Infrastructure can dictate means of transportation and neighborhood walkability, which is associated with weight status. High neighborhood walkability has been found to be associated with decreased prevalence of overweight and obesity (36), which can link back to structural differences discussed earlier between urban and rural areas (urban areas having higher walkability). Transport-related physical activity decreased by 17.8% between 1965 and 2009 in the United States, which could be due to growing ubiquity of car ownership and supportive infrastructure for automotive transport in the United States (37).
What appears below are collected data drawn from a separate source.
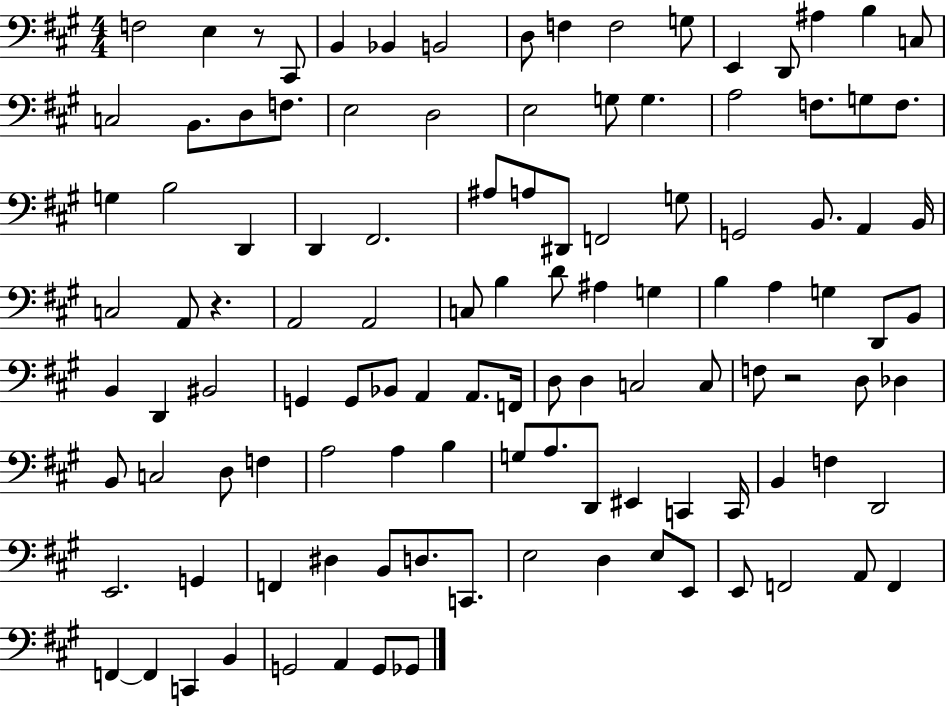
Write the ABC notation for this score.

X:1
T:Untitled
M:4/4
L:1/4
K:A
F,2 E, z/2 ^C,,/2 B,, _B,, B,,2 D,/2 F, F,2 G,/2 E,, D,,/2 ^A, B, C,/2 C,2 B,,/2 D,/2 F,/2 E,2 D,2 E,2 G,/2 G, A,2 F,/2 G,/2 F,/2 G, B,2 D,, D,, ^F,,2 ^A,/2 A,/2 ^D,,/2 F,,2 G,/2 G,,2 B,,/2 A,, B,,/4 C,2 A,,/2 z A,,2 A,,2 C,/2 B, D/2 ^A, G, B, A, G, D,,/2 B,,/2 B,, D,, ^B,,2 G,, G,,/2 _B,,/2 A,, A,,/2 F,,/4 D,/2 D, C,2 C,/2 F,/2 z2 D,/2 _D, B,,/2 C,2 D,/2 F, A,2 A, B, G,/2 A,/2 D,,/2 ^E,, C,, C,,/4 B,, F, D,,2 E,,2 G,, F,, ^D, B,,/2 D,/2 C,,/2 E,2 D, E,/2 E,,/2 E,,/2 F,,2 A,,/2 F,, F,, F,, C,, B,, G,,2 A,, G,,/2 _G,,/2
Proximity to recreational facilities, recreational facility density, access to sidewalks and paths that remove pedestrians from traffic hazards, and access to parks, have all been reported to be facilitators of physical activity in qualitative and quantitative research (38, 39).
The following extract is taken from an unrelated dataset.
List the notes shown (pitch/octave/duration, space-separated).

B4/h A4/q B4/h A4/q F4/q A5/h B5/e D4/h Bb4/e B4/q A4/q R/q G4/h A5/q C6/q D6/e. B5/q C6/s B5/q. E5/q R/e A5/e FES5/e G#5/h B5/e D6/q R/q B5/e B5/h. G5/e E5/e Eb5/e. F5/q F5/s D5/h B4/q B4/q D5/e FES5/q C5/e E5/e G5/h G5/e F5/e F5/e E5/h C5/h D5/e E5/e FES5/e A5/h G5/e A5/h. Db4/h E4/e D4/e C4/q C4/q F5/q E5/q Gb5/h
The quality of infrastructure in a neighborhood and the perceived aesthetics of homes, shops, and recreational facilities can impact the use of these facilities. A study in a high-income neighborhood and a low-income neighborhood showed that even though the number of recreational facilities was equitable in the neighborhoods, the residents of the low-income neighborhood perceived that they had less access to recreational facilities (40).
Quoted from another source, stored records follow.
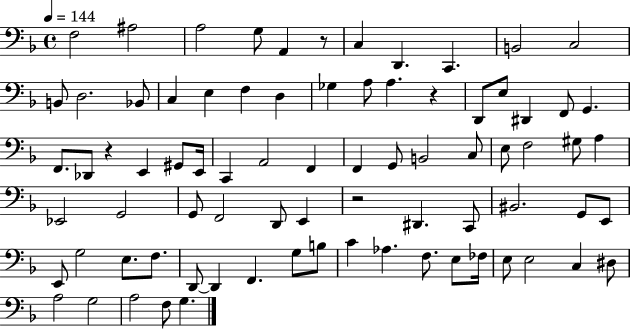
X:1
T:Untitled
M:4/4
L:1/4
K:F
F,2 ^A,2 A,2 G,/2 A,, z/2 C, D,, C,, B,,2 C,2 B,,/2 D,2 _B,,/2 C, E, F, D, _G, A,/2 A, z D,,/2 E,/2 ^D,, F,,/2 G,, F,,/2 _D,,/2 z E,, ^G,,/2 E,,/4 C,, A,,2 F,, F,, G,,/2 B,,2 C,/2 E,/2 F,2 ^G,/2 A, _E,,2 G,,2 G,,/2 F,,2 D,,/2 E,, z2 ^D,, C,,/2 ^B,,2 G,,/2 E,,/2 E,,/2 G,2 E,/2 F,/2 D,,/2 D,, F,, G,/2 B,/2 C _A, F,/2 E,/2 _F,/4 E,/2 E,2 C, ^D,/2 A,2 G,2 A,2 F,/2 G,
Additional neighborhood descriptors that are associated with obesity include neighborhood deprivation, disorder, and crime. Neighborhood deprivation, a composite score of socioeconomic position of individuals in a neighborhood that is used to assign a rank to that neighborhood, shows that high levels of deprivation are associated with a 20% increased odds of overweight (41). Neighborhood physical disorder refers to the presence of vandalism, abandoned lots or vehicles, garbage, and quality of building conditions. Women in an urban area with high neighborhood physical disorder have a 1.43 greater odds of obesity (42). Persons living in areas of high crime have a 28% reduced odds of achieving higher levels of physical activity and, conversely, perceived safety increases the odds of achieving higher levels of physical activity by 27% (43). Living in a neighborhood with high crime has been found to be associated with increased weekly snack consumption in women (42). The relevance of the neighborhood environment to obesity is further exemplified in the Moving to Opportunities Study (44). The Department of Housing and Urban Development randomly assigned just under 5000 families in Chicago, Baltimore, Boston, Los Angeles, and New York public housing to 3 possible conditions: receive a housing voucher to move to a low-poverty census track with moving counseling, receive a standard unrestricted housing voucher and no moving counseling, or receive nothing. Despite the fact that this study was not focused on weight or diabetes outcomes, participants that received the voucher to move to a low-poverty census track had 4.61 percentage points lower prevalence of BMI > 35, BMI > 40, and glycated hemoglobin ≥ 6.5% than participants who received nothing (44), showing that a mere change in environment from high- to low-poverty rates was enough to have a significant impact.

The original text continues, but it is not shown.